Thanks mete, that was what I feared most... So how would I refine the grain now, spheroidal anneal???

Bohler sheet was not recommending normalizing operation for D2, I used to anneal this steel for that reason. However Uddeholm sheet welcomes normalizing. In fact I was confused so to be sure I always annealed my blades before hardening.
 
I understand, slow cooling from austenisation temperatures encourages grain growth and to refine I need to get all the grains to a new structure, fine pearlite or martensite (cool not too slow). Then re apply all that process until I have the desired grain size... If I understood that, my problem is D2 needs long soaks and any air cooling operation causes it to harden and stress. I was thinking to austenise and soak then air cool to Ms then again austenise. Am I on the right track???
 
I'll have to do some research on this. My worry is that you now have grain boundary carbides which might be difficult to remove ! Grain size will be easy to change.
 
Emre, please don't let the grain growth paranoia that inflicts most of bladesmithing deprive you of too much sleep. As you can see mete gets it about the grain size fix. Grains grow, that is what they do, that is all they do, and they never shrink. But what they do before they grow is remake themselves in a whole new phase, come to a stable size and then grow by devouring one another. This happens again, and again to varying degrees with every heat past critical (ac1 to be precise). So fixing grains is the simplest of our operations and although a number of bladesmiths promote their skills on their ability to control grain size all they are doing is preying on the public’s ignorance of this topic. Reheat your steel without going to the higher temperatures and you grains will simply reform finer with every reasonable heat. That is the good news:) and now that I have you feeling better...

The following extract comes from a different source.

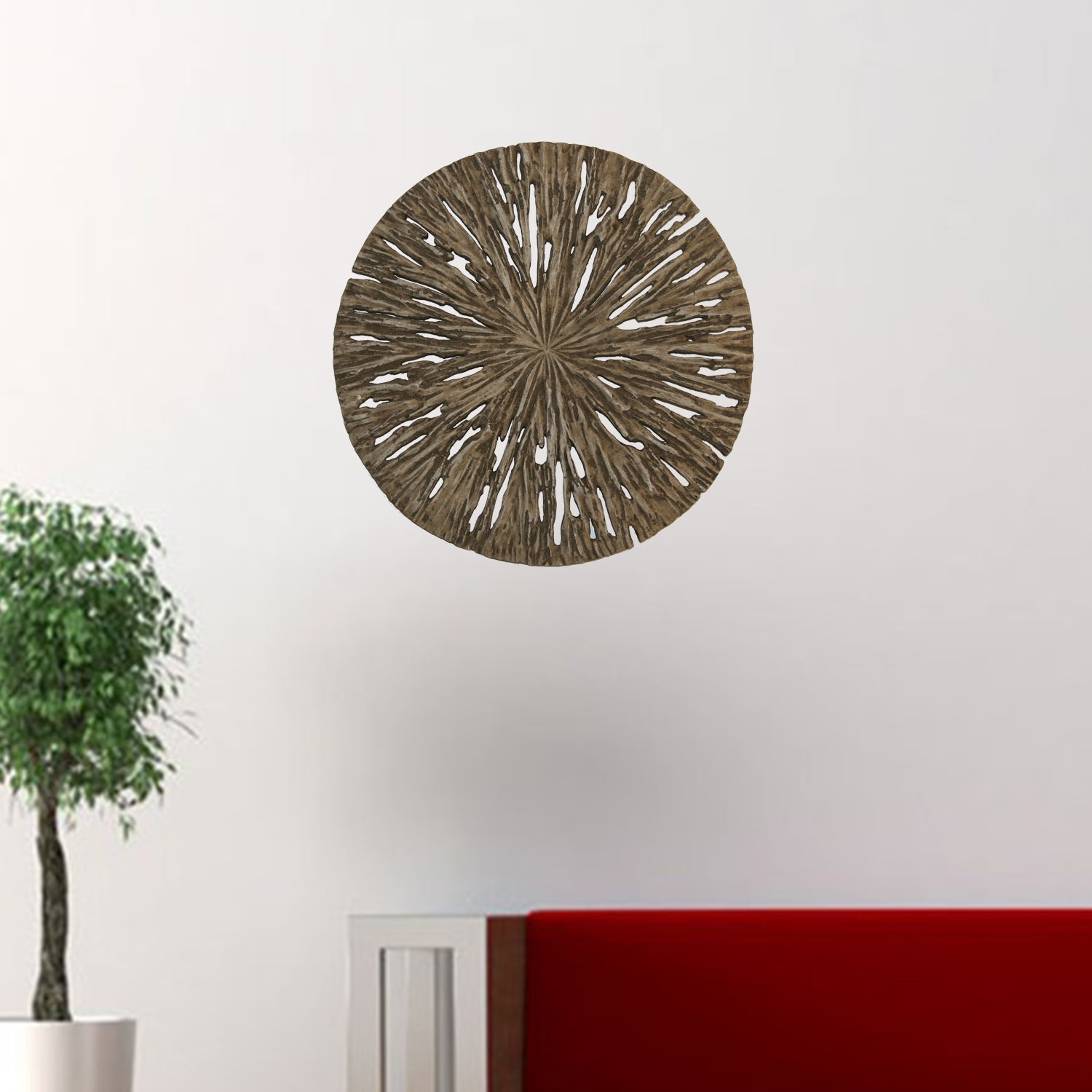 1" x 19" x 19" Brown Round Rotten Wood  Wall Decor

The bad news, the part that so many bladesmiths never seem to worry about because they are so focused on grain size, is the problem of carbide size and distribution:(. This is still not too tricky to fix with a steel as simple as say 1095 as the carbon will move around rather easily during many of the same heats that can refine grain size. However, when carbide forming elements are added to the mix the carbides become very stubborn and troublesome, it is actually this reason that most bladesmiths avoid steels that are stainless or borderline stainless.

Now for the really bad news:(, in D2 you have chosen about the most carbide rich stuff you can without going to stainless, about as far from 1095 as you can get without going over the top. This steel likes to form nasty course carbides that are a bear to break up. These carbides will be as much of a problem as any larger grain size.

Now for the better news. Follow proper industrial normalization concepts (even though there are none for D2) and you can fix the carbide issues :). Don't let bladesmiths talk you into low temperature cycling because of misguided ideas about grain refinement, low temp cycling will only make the carbide problem worse. Get it hot; recommended hardening temps are 980C to 1025C range, so this gives you and idea of how hot things have to be to begin putting carbide into solution. I would cycle it there a few times and then move on to grain refinement at a couple of lower temperature cycles.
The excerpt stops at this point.